According to one of the UK’s leading mortgage lenders, residential property prices in the UK rose by more than economists had expected in January putting a halt to the annual decline.
Nationwide say that residential property prices in the UK actually increased by 0.5% in January 2013, a further sign that the two years of static residential property prices and historically low property sales across the UK may soon be coming to an end.
Nationwide have published data that states that the average residential property price in the UK is now £162,245 (GBP).
However, the mainstream mortgage lender has stressed that mortgage loan numbers for First Time Buyers (FTB’s), which account for 40% of all UK mortgage transactions still remain a cause for concern, despite the launch of the government’s mortgage funding initiative, the Funding For Lending Scheme (FLS), which was designed to increase the availability of mortgage borrowing for First Time Buyers (FTB’s) and restore confidence to the residential property market.
There was even more good news for landlords and homeowners as according to the UK Land Registry, residential property prices in England and Wales rose by 1.7% in 2012, the fastest rate for more than two years.

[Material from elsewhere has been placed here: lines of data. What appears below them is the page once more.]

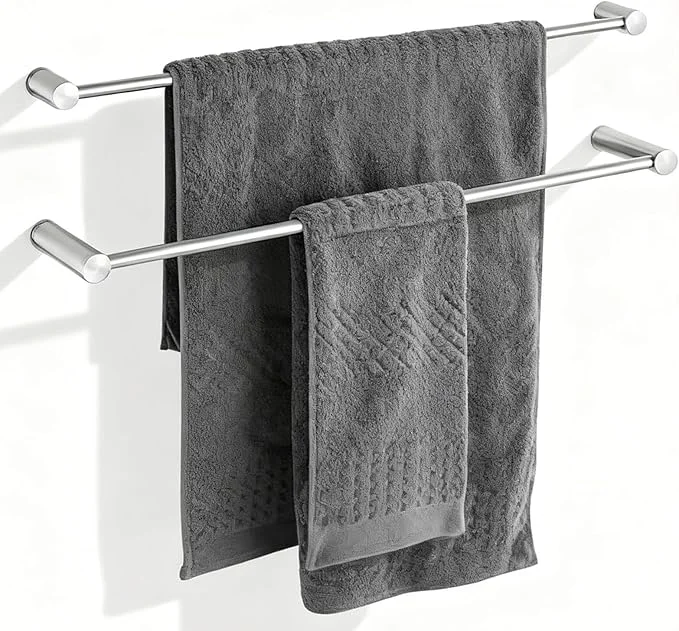 Smooth Towel Racks for Bathroom NEWRAIN 30 inch Double Bath Towel Bar Wall Mounted Exclusive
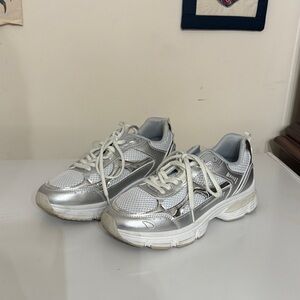 Women’s size 7.5 Silver Metallic Women's Athletic Sneakers worn once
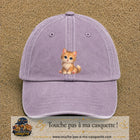 Image principale produit83grosVI - casquette Violet délavé avec visuel Chaton roux 7 cm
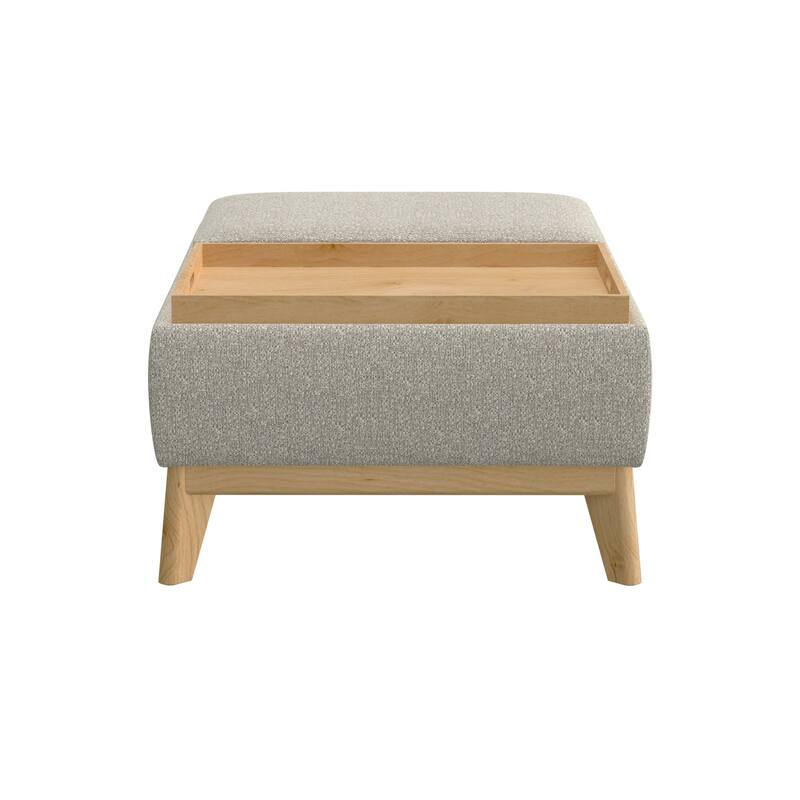 Tan Reversible Tray Ottoman - Tan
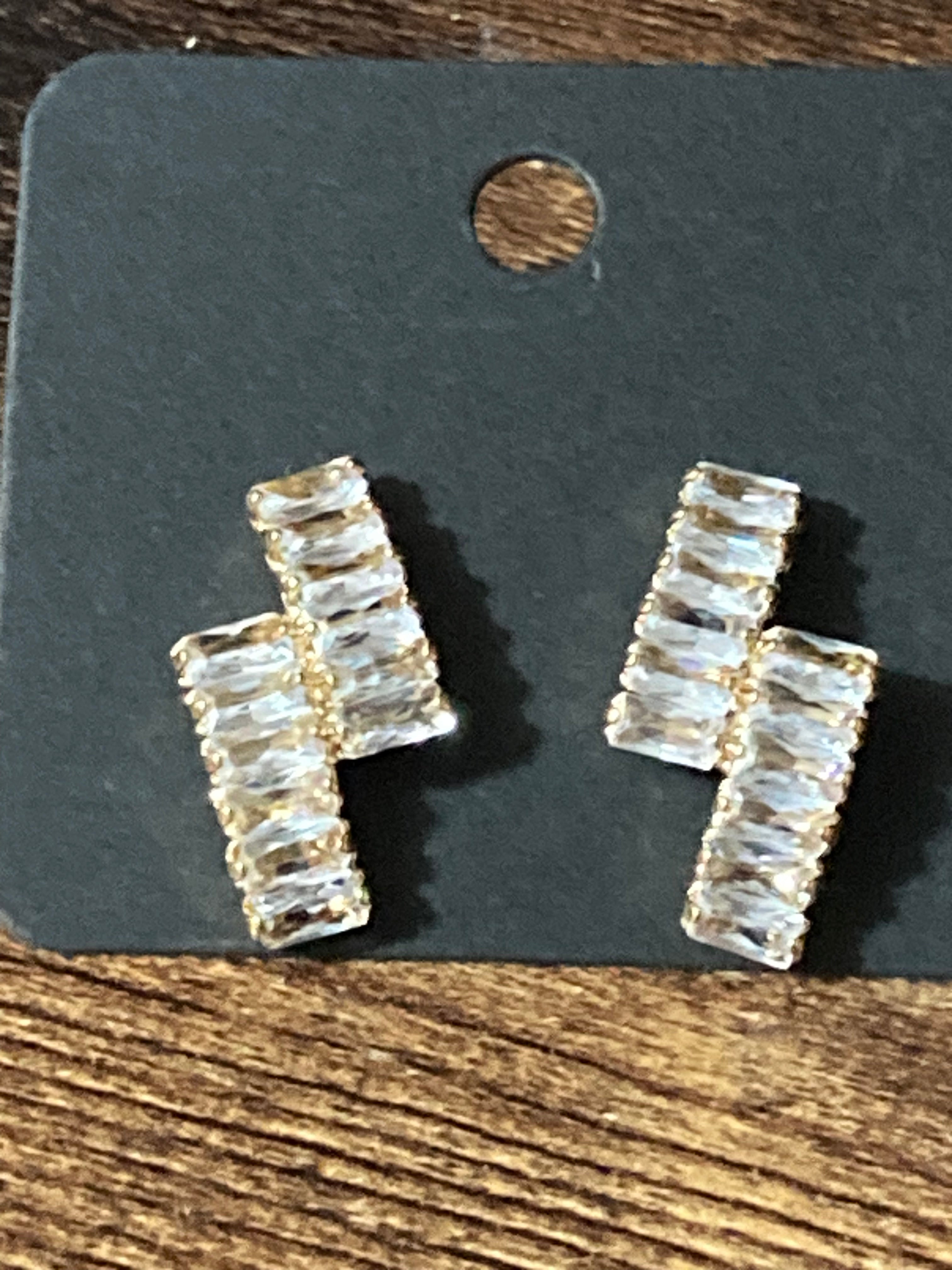 High End CZ earrings baguette Crystal diamanté gold plated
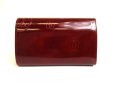 Photo2: Cartier Happy Birthday Bordeaux Calf Leather Bifold Wallet Purse #a787 (2)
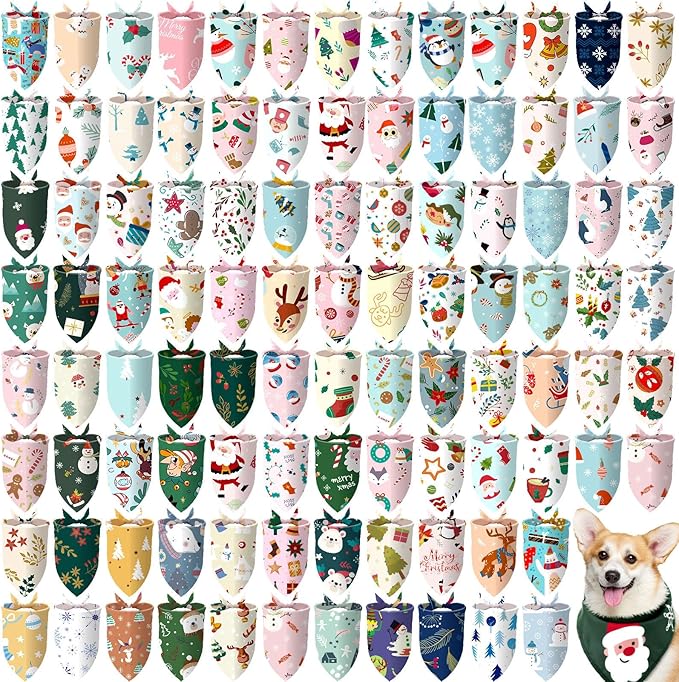 100 Pcs Christmas Dog Bandanas Bulk Pet Bibs Colorful Triangle Scarf Xmas Pet Bandanas for Medium Large Dogs Christmas Party Xmas Costume Decor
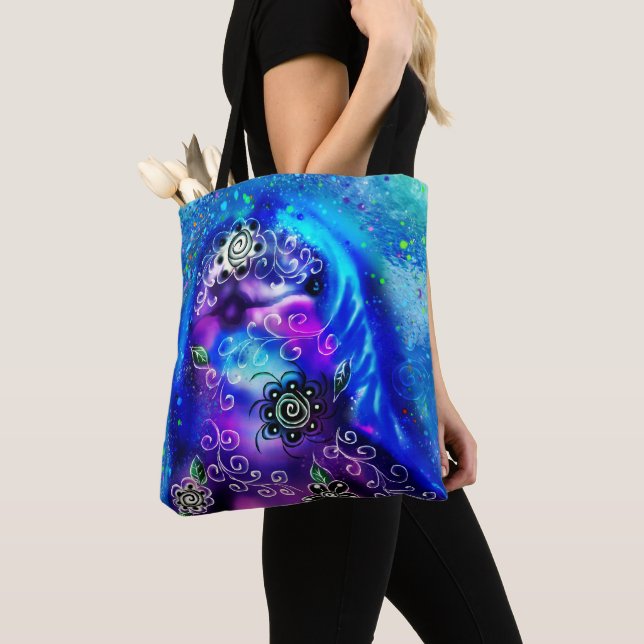 Whimsical Dolphin Blue Teal Coastal Nautical Tote Bag (Close Up)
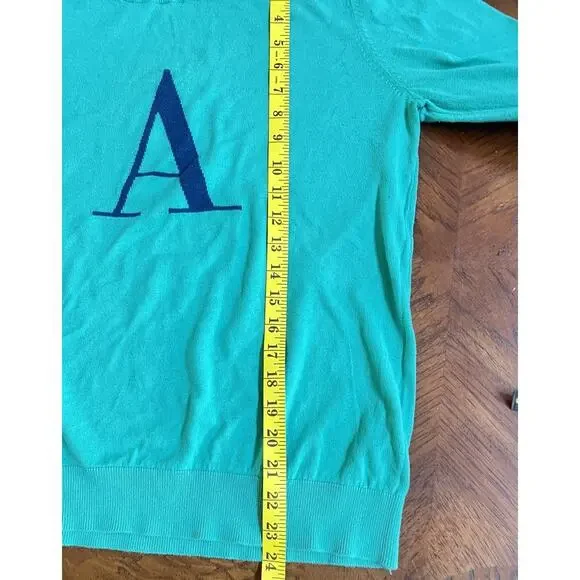 Old Navy Green L Navy Blue Initial Sweater Lightweight Women's A Pre-owned - Picture 4 of 7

The average price for a residential property rose by 0.8% in December 2012, compared with the previous month, bringing the average price to £162,080 (GBP).

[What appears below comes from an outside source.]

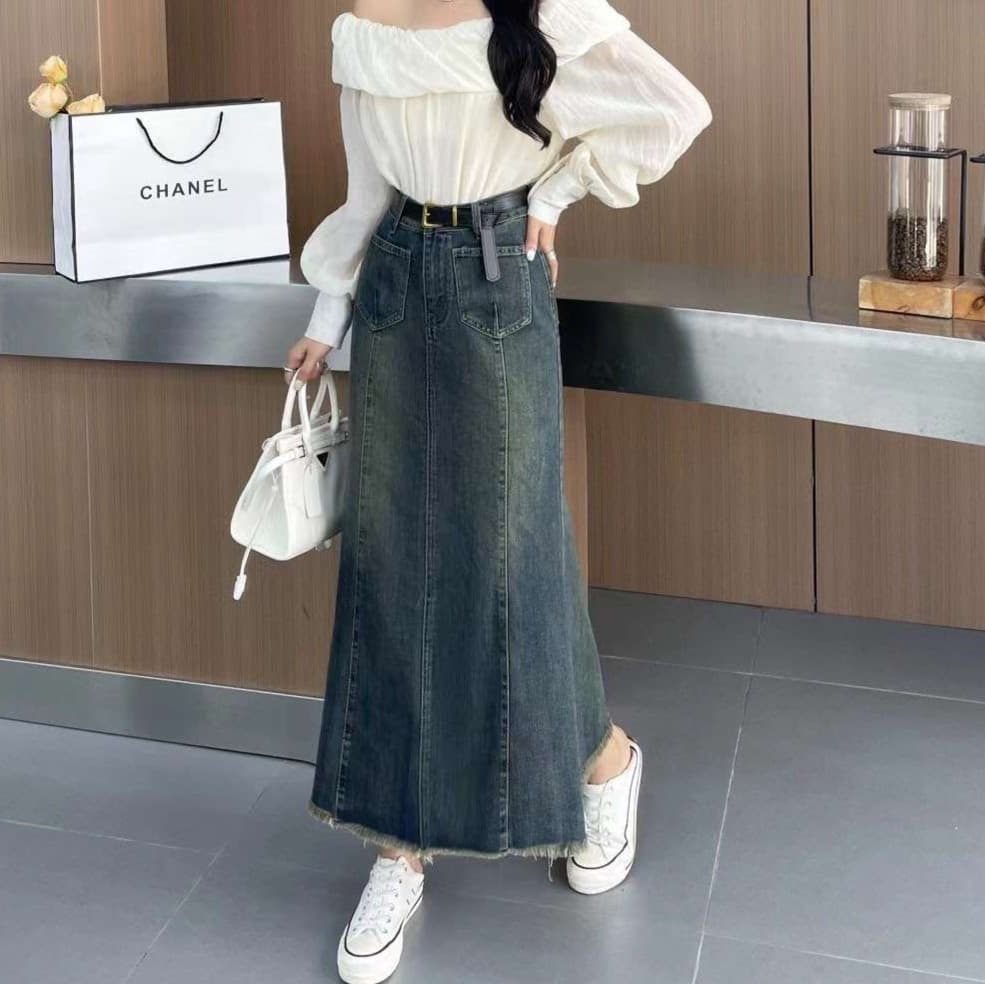 カジュアルスタイル マーメイドシルエット デニムロングスカート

The figures show that residential property prices in London rose 8.4% last year, whilst prices in the North West of England fell by 3.5%.

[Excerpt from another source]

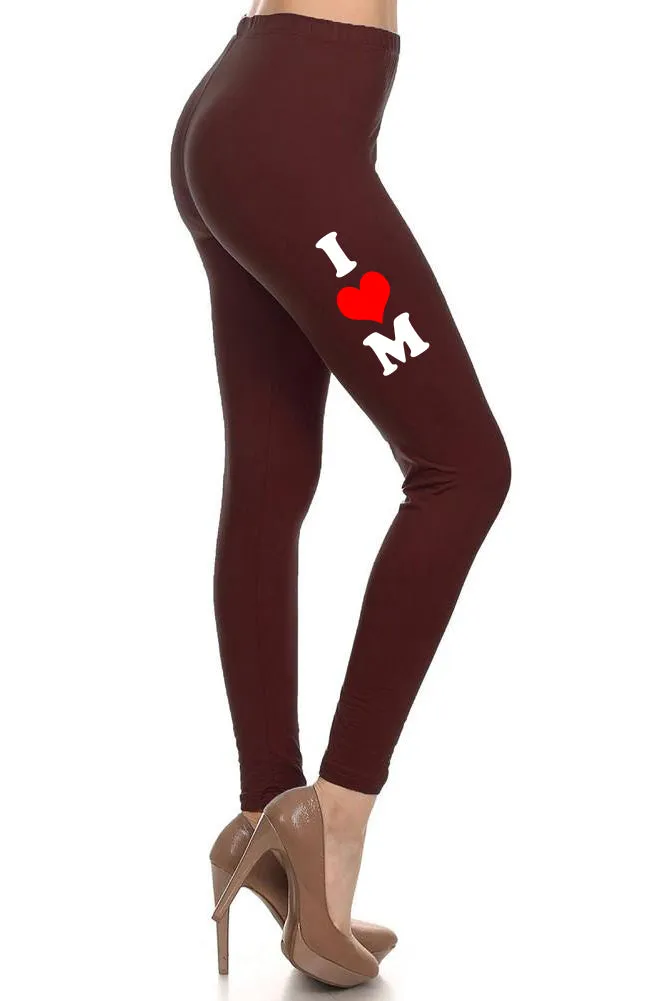 Women's Mother's Day I Heart Mom Design Printed Leggings for Regular Plus 3X5X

The data released by the UK mainstream mortgage lender also revealed that the number of residential property repossessions has continued to fall.
In the year to November 2012, the total number of repossessed properties fell by 16%, the largest improvement was in North East of England, where repossessions fell by 35%.
Private Rented Sector (PRS) landlords who made use of Rent Guarantee Insurance after comprehensive tenant referencing has led to a significant decrease in the number of rental properties being repossessed.